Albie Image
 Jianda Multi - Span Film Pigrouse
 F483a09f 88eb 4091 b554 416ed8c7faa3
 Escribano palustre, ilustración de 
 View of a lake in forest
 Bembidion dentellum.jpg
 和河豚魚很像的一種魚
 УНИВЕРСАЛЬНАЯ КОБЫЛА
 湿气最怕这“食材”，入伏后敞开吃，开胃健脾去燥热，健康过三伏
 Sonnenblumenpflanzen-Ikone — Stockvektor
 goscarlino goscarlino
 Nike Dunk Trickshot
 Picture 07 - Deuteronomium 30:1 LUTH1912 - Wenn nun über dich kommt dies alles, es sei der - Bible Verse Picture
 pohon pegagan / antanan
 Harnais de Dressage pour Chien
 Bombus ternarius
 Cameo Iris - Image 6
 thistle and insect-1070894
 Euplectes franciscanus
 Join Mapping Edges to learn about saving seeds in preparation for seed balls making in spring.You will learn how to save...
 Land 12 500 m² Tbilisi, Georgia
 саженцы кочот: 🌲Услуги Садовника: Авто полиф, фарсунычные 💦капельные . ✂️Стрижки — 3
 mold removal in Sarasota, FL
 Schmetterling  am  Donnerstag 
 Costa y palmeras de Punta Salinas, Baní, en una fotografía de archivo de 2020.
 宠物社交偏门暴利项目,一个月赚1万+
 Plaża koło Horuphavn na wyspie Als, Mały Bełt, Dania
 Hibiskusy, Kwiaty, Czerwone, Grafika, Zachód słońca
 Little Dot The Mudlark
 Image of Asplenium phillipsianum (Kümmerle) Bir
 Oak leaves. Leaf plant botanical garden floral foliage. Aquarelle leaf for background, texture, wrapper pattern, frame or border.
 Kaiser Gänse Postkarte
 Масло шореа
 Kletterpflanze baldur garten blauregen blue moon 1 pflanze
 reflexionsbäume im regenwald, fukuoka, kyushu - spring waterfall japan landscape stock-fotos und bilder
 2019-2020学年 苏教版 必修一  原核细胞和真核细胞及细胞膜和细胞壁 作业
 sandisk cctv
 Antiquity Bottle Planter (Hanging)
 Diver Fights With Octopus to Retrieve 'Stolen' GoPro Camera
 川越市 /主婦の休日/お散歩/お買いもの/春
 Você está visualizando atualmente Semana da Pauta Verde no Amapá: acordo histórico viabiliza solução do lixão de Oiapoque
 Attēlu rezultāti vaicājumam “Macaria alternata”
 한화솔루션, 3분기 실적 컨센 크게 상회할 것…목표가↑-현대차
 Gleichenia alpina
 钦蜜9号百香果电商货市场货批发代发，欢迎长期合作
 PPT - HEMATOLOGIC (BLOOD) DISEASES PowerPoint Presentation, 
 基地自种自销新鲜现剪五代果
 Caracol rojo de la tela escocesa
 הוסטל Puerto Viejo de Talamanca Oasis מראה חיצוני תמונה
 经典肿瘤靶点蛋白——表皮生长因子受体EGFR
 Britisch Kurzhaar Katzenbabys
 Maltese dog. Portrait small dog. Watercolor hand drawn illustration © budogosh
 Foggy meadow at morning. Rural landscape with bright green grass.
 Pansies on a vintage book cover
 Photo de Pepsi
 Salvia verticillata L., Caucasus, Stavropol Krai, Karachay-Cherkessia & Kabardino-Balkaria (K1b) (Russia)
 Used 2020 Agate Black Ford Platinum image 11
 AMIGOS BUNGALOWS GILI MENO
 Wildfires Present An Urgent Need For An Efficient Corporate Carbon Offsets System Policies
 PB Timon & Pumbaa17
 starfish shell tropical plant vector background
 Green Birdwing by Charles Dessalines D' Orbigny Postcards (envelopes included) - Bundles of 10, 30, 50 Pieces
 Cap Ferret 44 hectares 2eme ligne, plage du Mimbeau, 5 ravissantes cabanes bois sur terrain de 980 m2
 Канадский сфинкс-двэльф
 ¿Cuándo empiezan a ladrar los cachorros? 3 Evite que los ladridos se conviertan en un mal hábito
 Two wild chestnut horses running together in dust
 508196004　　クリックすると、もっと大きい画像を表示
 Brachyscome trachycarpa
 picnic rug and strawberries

WHAT THE EXERCISE ASKS -> Using the entries above, return exactly the lines from the line with "钦蜜9号百香果电商货市场货批发代发，欢迎长期合作" to the line with "Green Birdwing by", counting both of those lines.

RESULT OF THIS TASK ->
 钦蜜9号百香果电商货市场货批发代发，欢迎长期合作
 PPT - HEMATOLOGIC (BLOOD) DISEASES PowerPoint Presentation, 
 基地自种自销新鲜现剪五代果
 Caracol rojo de la tela escocesa
 הוסטל Puerto Viejo de Talamanca Oasis מראה חיצוני תמונה
 经典肿瘤靶点蛋白——表皮生长因子受体EGFR
 Britisch Kurzhaar Katzenbabys
 Maltese dog. Portrait small dog. Watercolor hand drawn illustration © budogosh
 Foggy meadow at morning. Rural landscape with bright green grass.
 Pansies on a vintage book cover
 Photo de Pepsi
 Salvia verticillata L., Caucasus, Stavropol Krai, Karachay-Cherkessia & Kabardino-Balkaria (K1b) (Russia)
 Used 2020 Agate Black Ford Platinum image 11
 AMIGOS BUNGALOWS GILI MENO
 Wildfires Present An Urgent Need For An Efficient Corporate Carbon Offsets System Policies
 PB Timon & Pumbaa17
 starfish shell tropical plant vector background
 Green Birdwing by Charles Dessalines D' Orbigny Postcards (envelopes included) - Bundles of 10, 30, 50 Pieces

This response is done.